Tag Archives: polar vortex

4 Things You Didn’t Know about Why it’s So Darn Cold!

The U.S. is currently experiencing a bout of cold weather in several regions, raising the question: are we in for another polar vortex winter like the bone-chiller we had last year? And if so, why? Here are four things you might not know about the current extreme cold weather streak in the U.S.

The current cold weather isn’t quite another polar vortex in the U.S. – yet. 

The polar vortex is a region of Arctic air that rotates around the North Pole in the Northern Hemisphere, trapping and containing the frigid air in its circulation. Every now and then, parts of the rotating pocket of cold air break off into smaller pockets that mobilize southward into regions like North America, bringing with them below-normal temperatures and stormy conditions.

Figure 1: General image of the Polar Vortex. Source: Accuweather.

As of now, the U.S. is not experiencing full-blown polar vortex effects; only part of the big Arctic air pocket has been displaced into the U.S., so it is more accurate to say that the country is experiencing an outbreak of Arctic air. Last year, most of the U.S. experienced exceptionally cold and snowy conditions, particularly east of the Rockies, as a result of the polar vortex. Early seasonal outlooks for this winter have indicated that this type of severe weather pattern is unlikely to repeat, though one cannot rule out more Arctic outbreaks like this one.

You can blame Super Typhoon Nuri in Japan.

Many of the world’s largep-scale climate systems and atmospheric patterns are interconnected. You may not know it, but Super Typhoon Nuri, which impacted Japan earlier this month as one of 2014’s strongest tropical cyclones, has played a key role influencing this recent cold air outbreak. Cold air from the polar vortex is separated from warm air by what’s called the polar jet stream; depending on atmospheric conditions, this jet stream can look flat or wavy. Big storms, like Nuri, can alter the jet stream’s shape, pushing parts further north (creating a “ridge”) or south (creating a “trough”) than normal.

Figure 2: Example of a jet stream’s ridges and troughs. Source: Skeptical Science

In Nuri’s case, remnants of the storm pushed part of the polar jet stream north over Alaska, creating a strong ridge. This in turn caused a deep trough to develop over much of the central U.S., making way for Arctic air associated with the polar vortex to flow into the lower 48. It is common for storms to affect the jet stream’s shape, but because Nuri was so intense, it influenced the jet stream enough to trigger a prolonged period of unseasonably chilly weather from North Dakota to New York.

Climate change could have something to do with it. 

Our climate is changing, but there are differing views on how climate change affects the polar vortex. Some posit that a warming climate may lead to more frequent cold air outbreaks due to increased sea ice melting. This would allow more energy to move into the atmosphere and weaken the jet streams, thereby increasing the likelihood of cold Arctic air escaping southward into regions like North America and Europe.
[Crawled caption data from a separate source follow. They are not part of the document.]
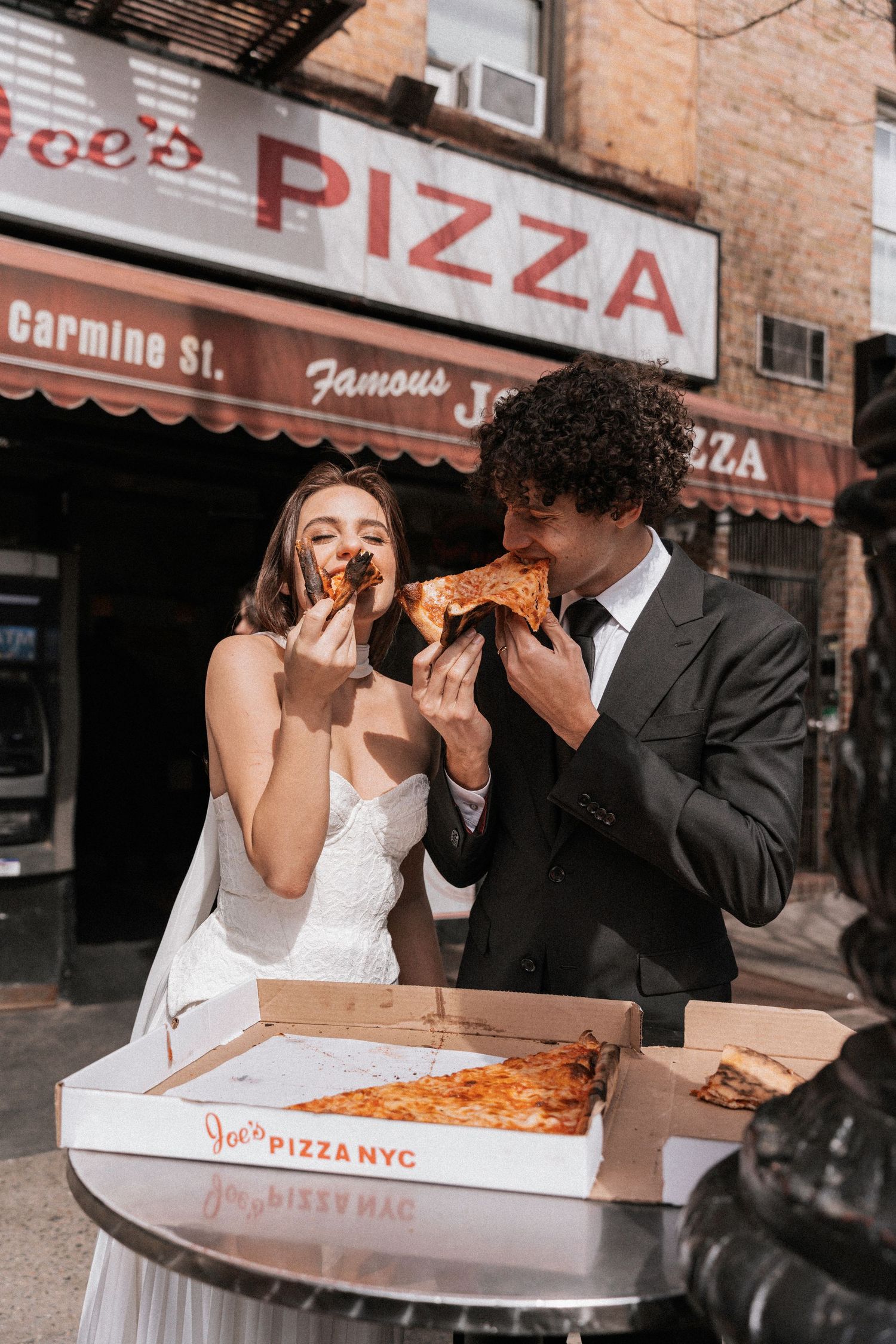 A couple in wedding attire shares slices of New York pizza outside a pizzeria.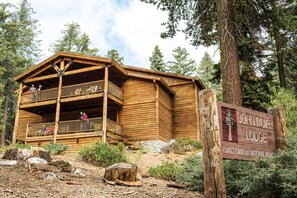 Een houten lodge met balkon, omgeven door bomen en een bordje met de tekst John Muir Lodge bij Kings Canyon National Park.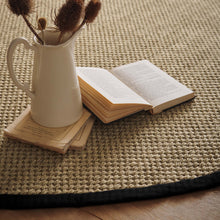 Load image into Gallery viewer, Origins Sisal Light Beige with Black Border- made from 100% sisal featuring a black border.
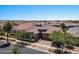 Aerial view of house showing landscaping, driveway and neighborhood view at 10315 E Palladium Dr, Mesa, AZ 85212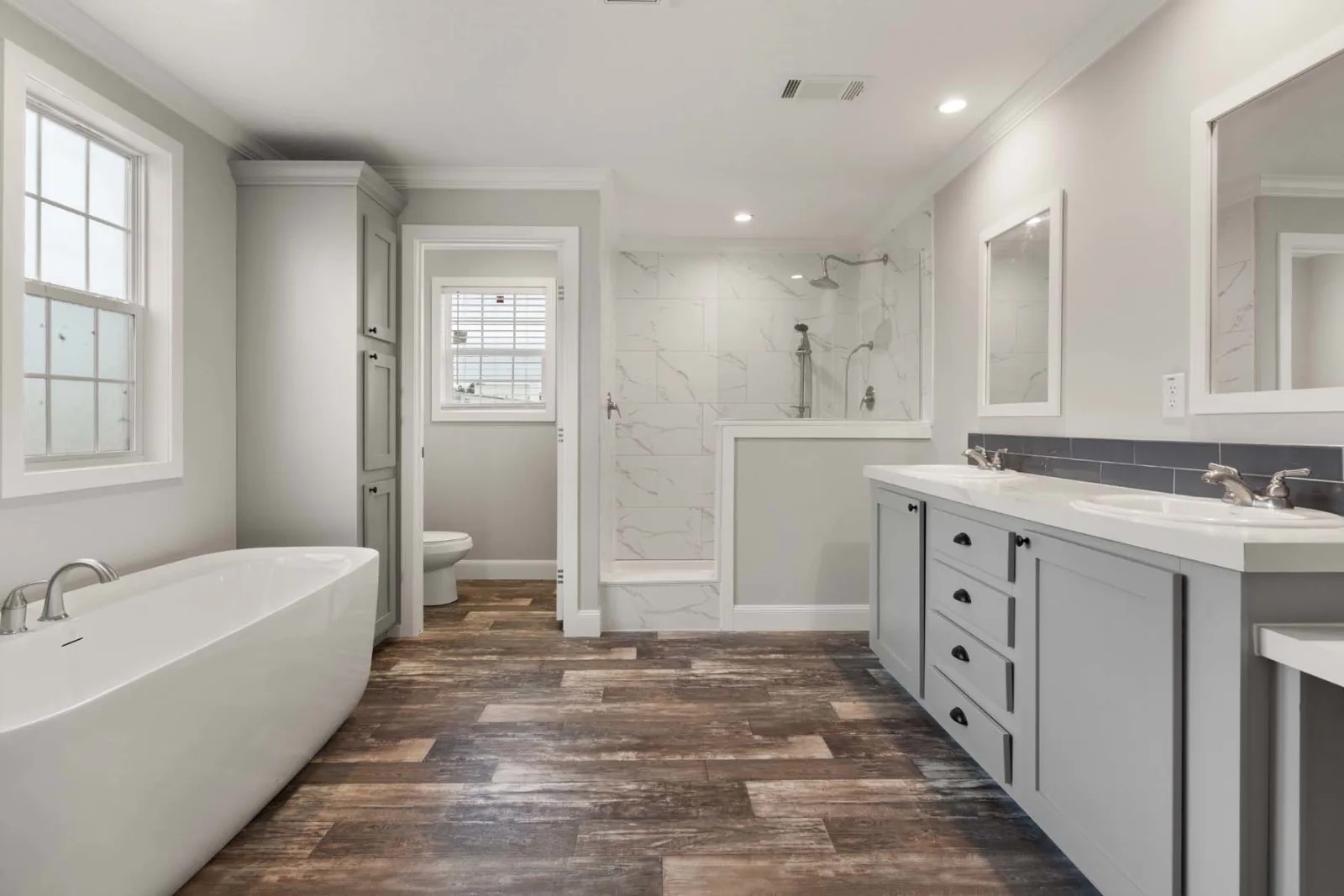 Spacious bathroom with light gray walls, a freestanding bathtub, wood-look tile flooring, dual sinks with mirrors, and a large shower area.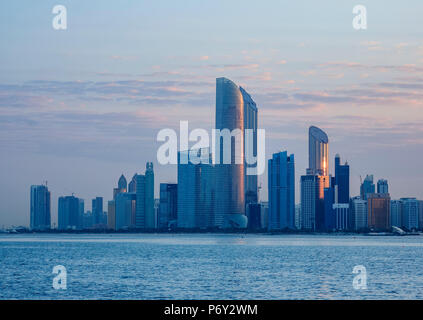 Skyline del centro città a sunrise, Abu Dhabi, Emirati Arabi Uniti Foto Stock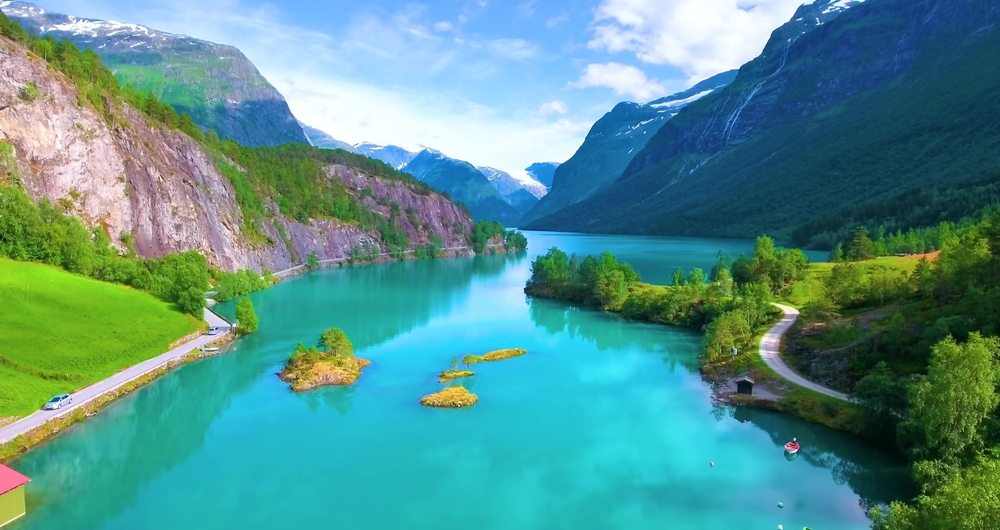 Blue waters on fjord with road on a side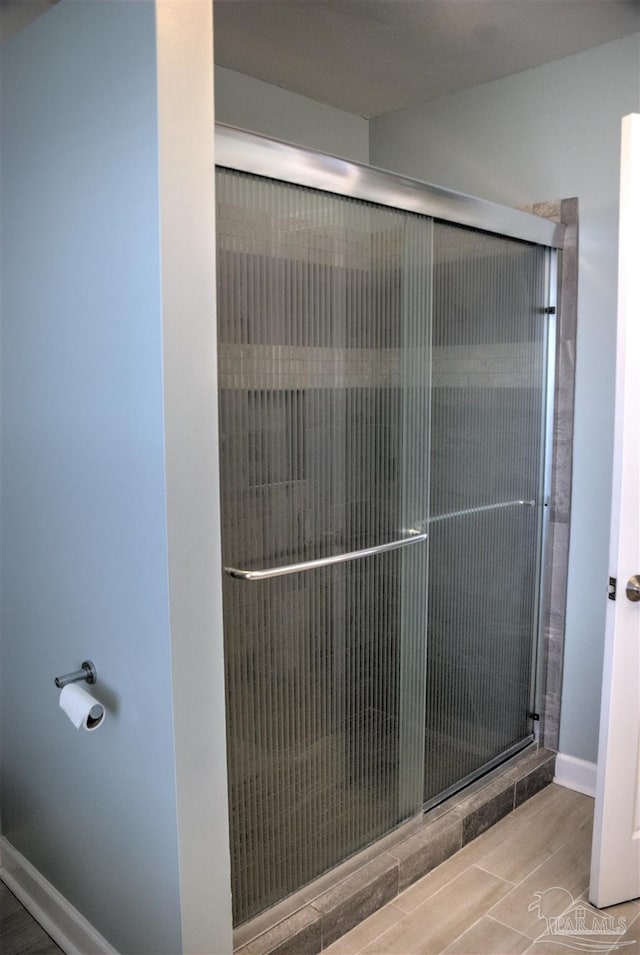 laundry area featuring separate washer and dryer, light tile patterned floors, plenty of natural light, and cabinets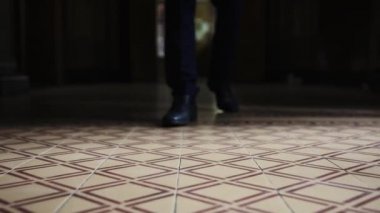 Deri ayakkabılı bir adam karanlık bir koridor boyunca yürüyor.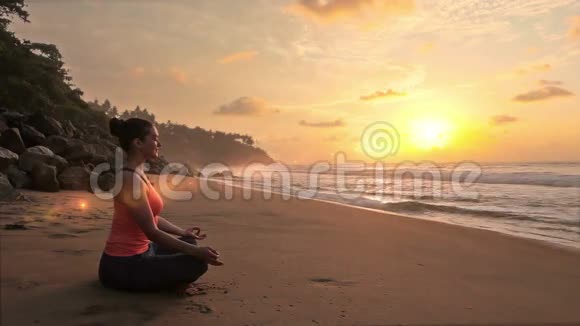 日落时分在海滩上沉思的女人视频的预览图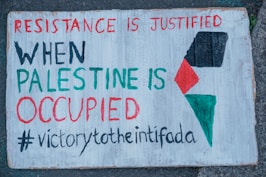a sign on a sidewalk that says resistance is justified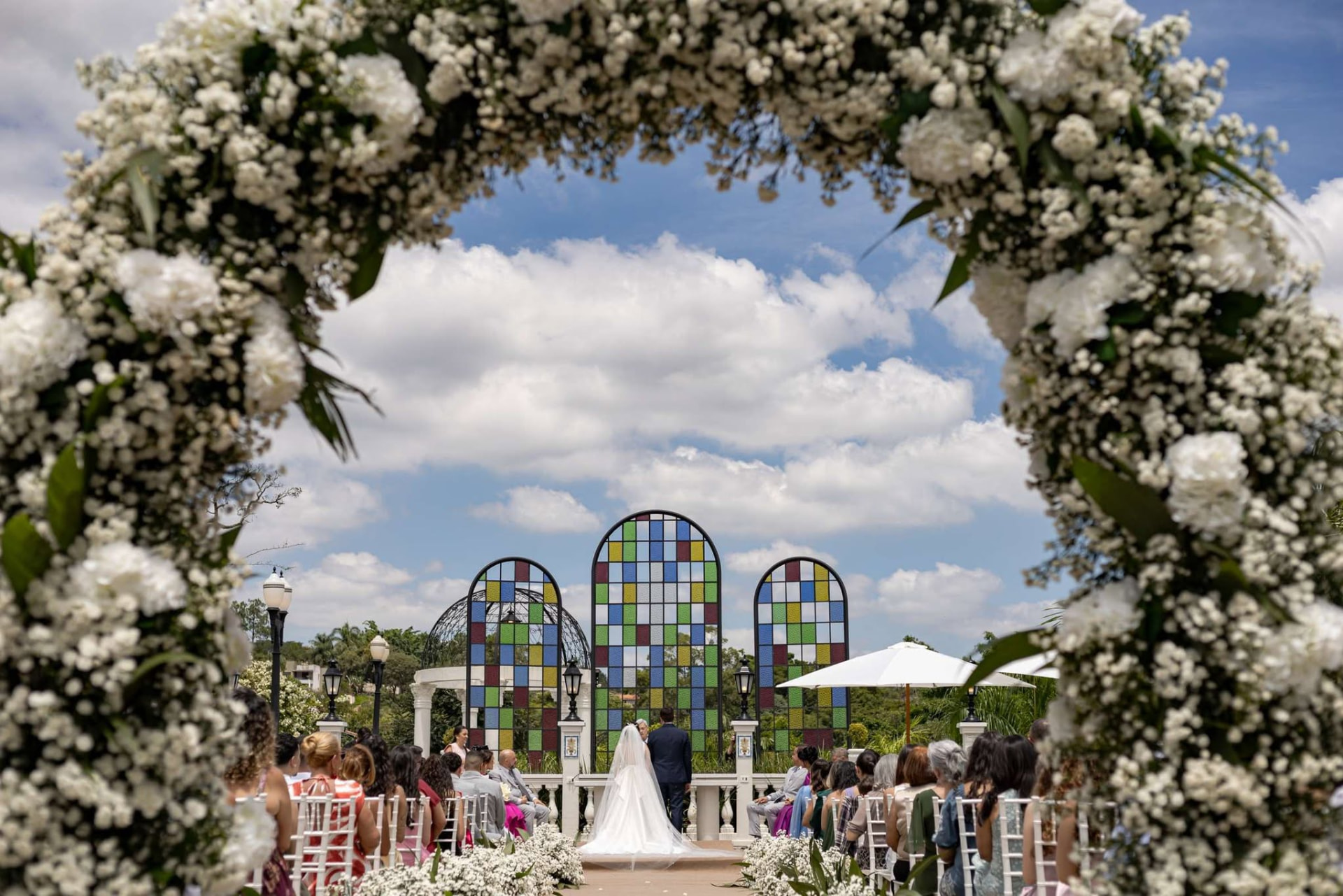 Cerimônia de casamento ao ar livre com arco de flores brancas sob o céu azul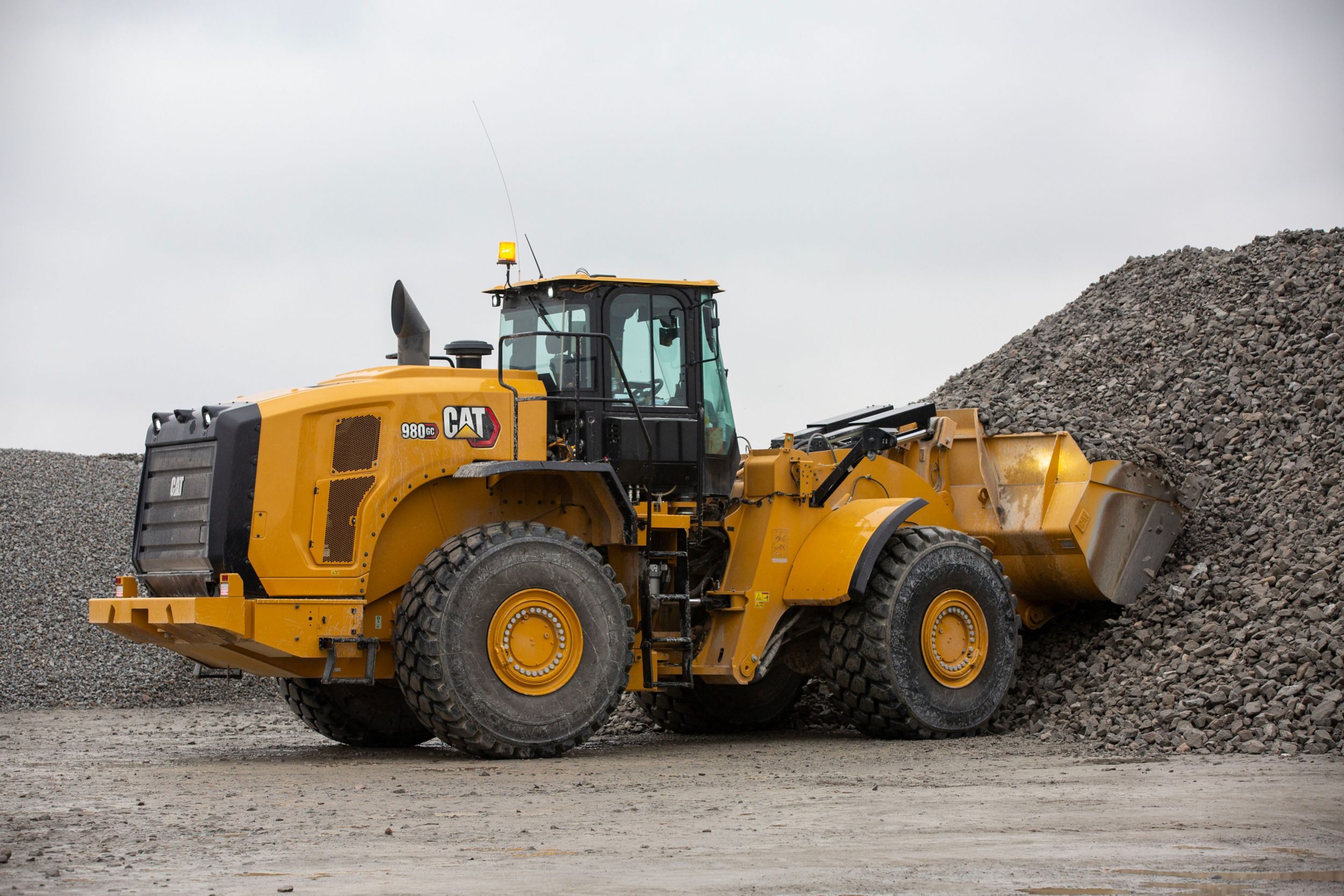 The Cat 980 GC wheel loader is shown at a construction or mining site. The loader is positioned next to a large pile of gravel or rocks, with its bucket partially filled and raised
©iStock.com/SeppFriedhuber

Other scientists argue that cold air outbreaks are common and part of the natural variation of the climate. They also suggest that it is extremely hard to link a massive, long-term shift in climate (for example, global warming) to individual weather events. It’s also worth noting that the U.S. takes up less than 3 percent of the Earth’s surface, so even though this region is experiencing cold air outbreaks, there are other parts of the world experiencing record heat at the same time.

Other parts of the country could be in for abnormal weather due to El Niño.

Also affecting this winter’s temperatures is the weak central El Niño being forecast; this series of climatic changes happens when the tropical Pacific Ocean, particularly the central and eastern regions, becomes warmer than average. As the ocean gets warmer with respect to its average temperature, the stronger the El Niño signal. El Niño often results in changes to precipitation and temperature patterns throughout the world, including North America, and especially in the winter.

The most common impact is wetter-than-average conditions along the Gulf Coast, warmer-than-average conditions in the Northern Rockies and Pacific Northwest, drier-than-average conditions in the Ohio Valley, and, to a lesser extent, wetter-than-average conditions in California and the southwestern U.S. The weak El Niño forecast means that these impacts are possible, but not likely to be extreme.